Requirement:
Could you retype all of the entries exactly, without their pictures?

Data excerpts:
Start of Block
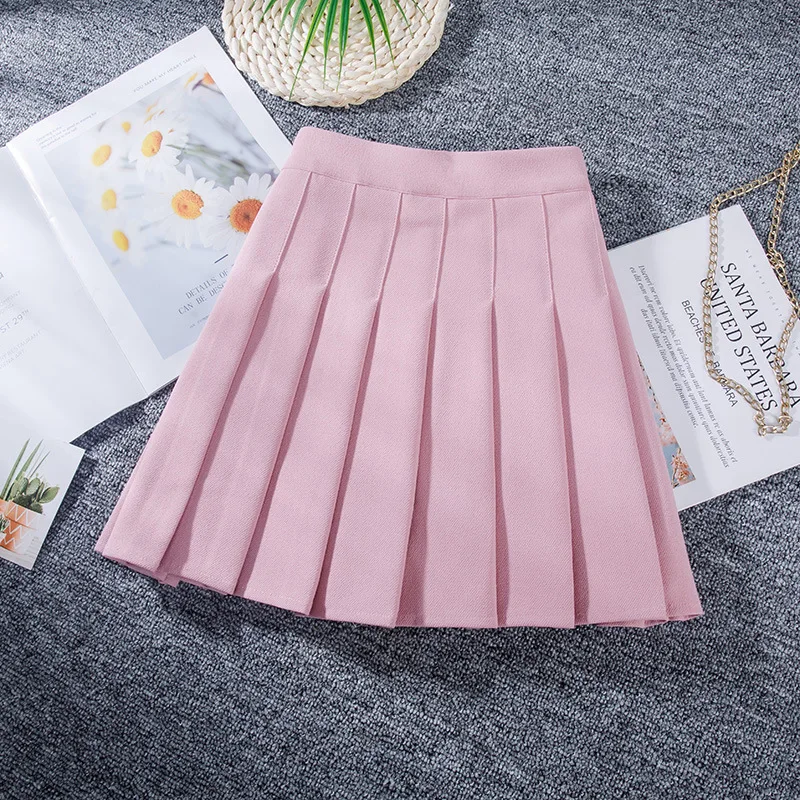 2023 New Elastic Waist Pleated Skirt Casual Kawaii A-line Plaid black tennis Japanese School Uniform Mini Skirts for Girls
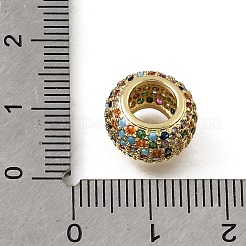 真鍮マイクロキュービックジルコニア欧州大きな穴ビーズを切り開きます  ロンデル  カドミウムフリー＆鉛フリー  ラックめっき  長持ちメッキ  18KGP本金メッキ  カラフル  12x9mm  穴：6mm&nbsp;KK-C262-17G-04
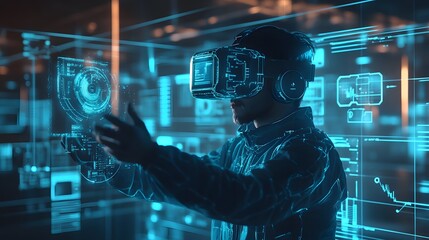 Poster - A virtual reality simulation with 3D-rendered interactive environments and 2D holographic task prompts. 4k resolution, Cinematic Scene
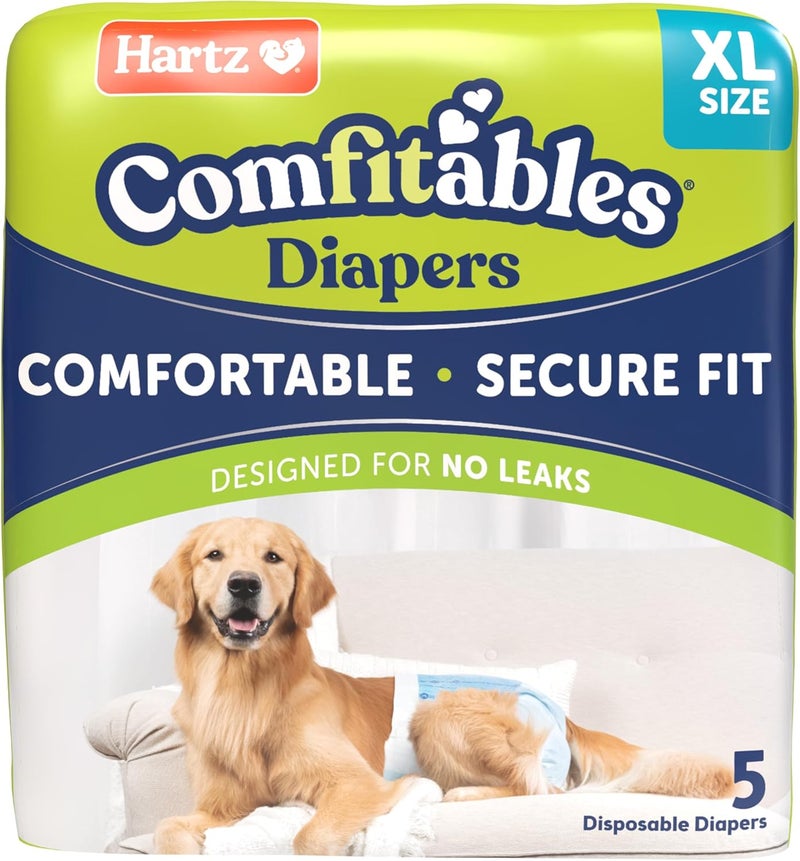 Hartz Disposable Dog Diapers, Size L 5 count, Comfortable & Secure Fit, Easy to Put On - Image 1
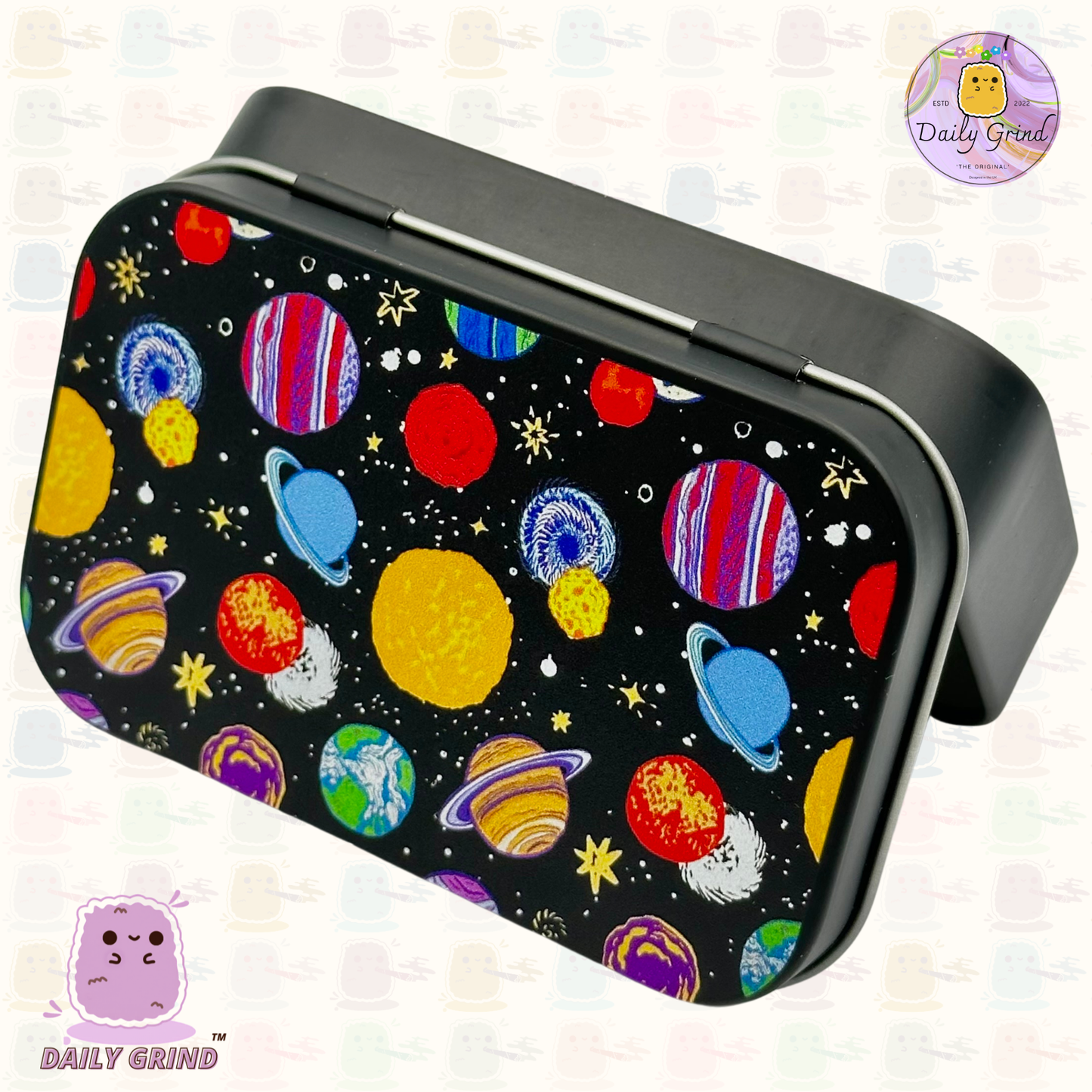 90's Galaxy Cartoon Planets - 1oz Black / Crystal / Jewellery / Coins / Bits & Pieces / Hide / Money / Make-Up 1oz Black Hinge Lid Tin Box Gift - 9.5 x 6.2 x 2 cm - Cute Funny Metal Organiser Gift Idea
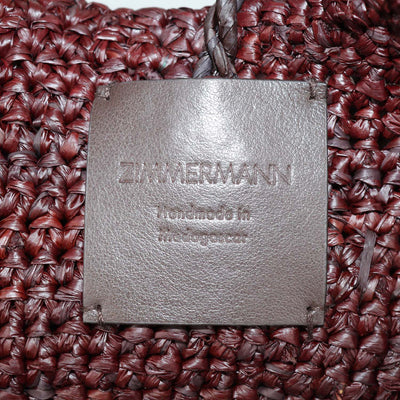 Zimmermann Chocolate Raffia Medium Goldentime Ruffle Tote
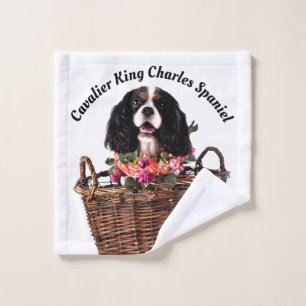Tri Color Cavalier King Charles Spaniel Dog Washandje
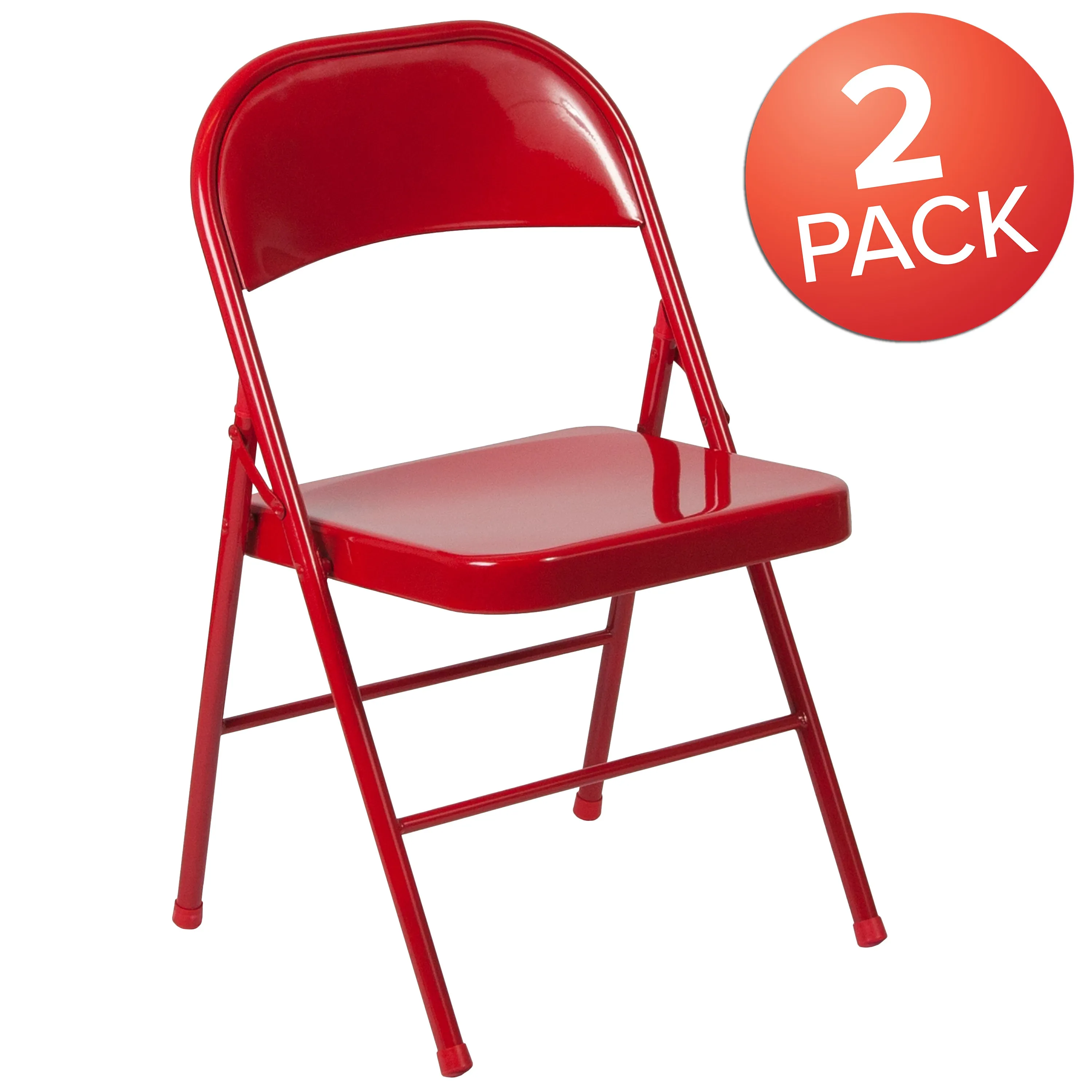 2 Pack HERCULES Series Double Braced Red Metal Folding Chair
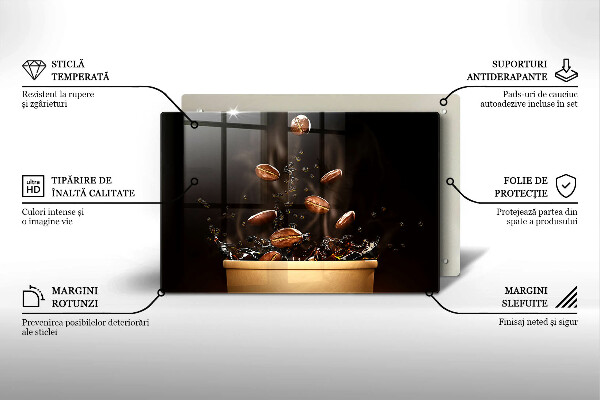 Tocător sticlă Boabe de cafea fierbinți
End of Block
Answer:
 2023 New Elastic Waist Pleated Skirt Casual Kawaii A-line Plaid black tennis Japanese School Uniform Mini Skirts for Girls
 真鍮マイクロキュービックジルコニア欧州大きな穴ビーズを切り開きます  ロンデル  カドミウムフリー＆鉛フリー  ラックめっき  長持ちメッキ  18KGP本金メッキ  カラフル  12x9mm  穴：6mm&nbsp;KK-C262-17G-04
 Poster - A virtual reality simulation with 3D-rendered interactive environments and 2D holographic task prompts. 4k resolution, Cinematic Scene
 Hartz Disposable Dog Diapers, Size L 5 count, Comfortable & Secure Fit, Easy to Put On - Image 1
 90's Galaxy Cartoon Planets - 1oz Black / Crystal / Jewellery / Coins / Bits & Pieces / Hide / Money / Make-Up 1oz Black Hinge Lid Tin Box Gift - 9.5 x 6.2 x 2 cm - Cute Funny Metal Organiser Gift Idea
 Zimmermann Chocolate Raffia Medium Goldentime Ruffle Tote
Tri Color Cavalier King Charles Spaniel Dog Washandje
 2 Pack HERCULES Series Double Braced Red Metal Folding Chair
 Tocător sticlă Boabe de cafea fierbinți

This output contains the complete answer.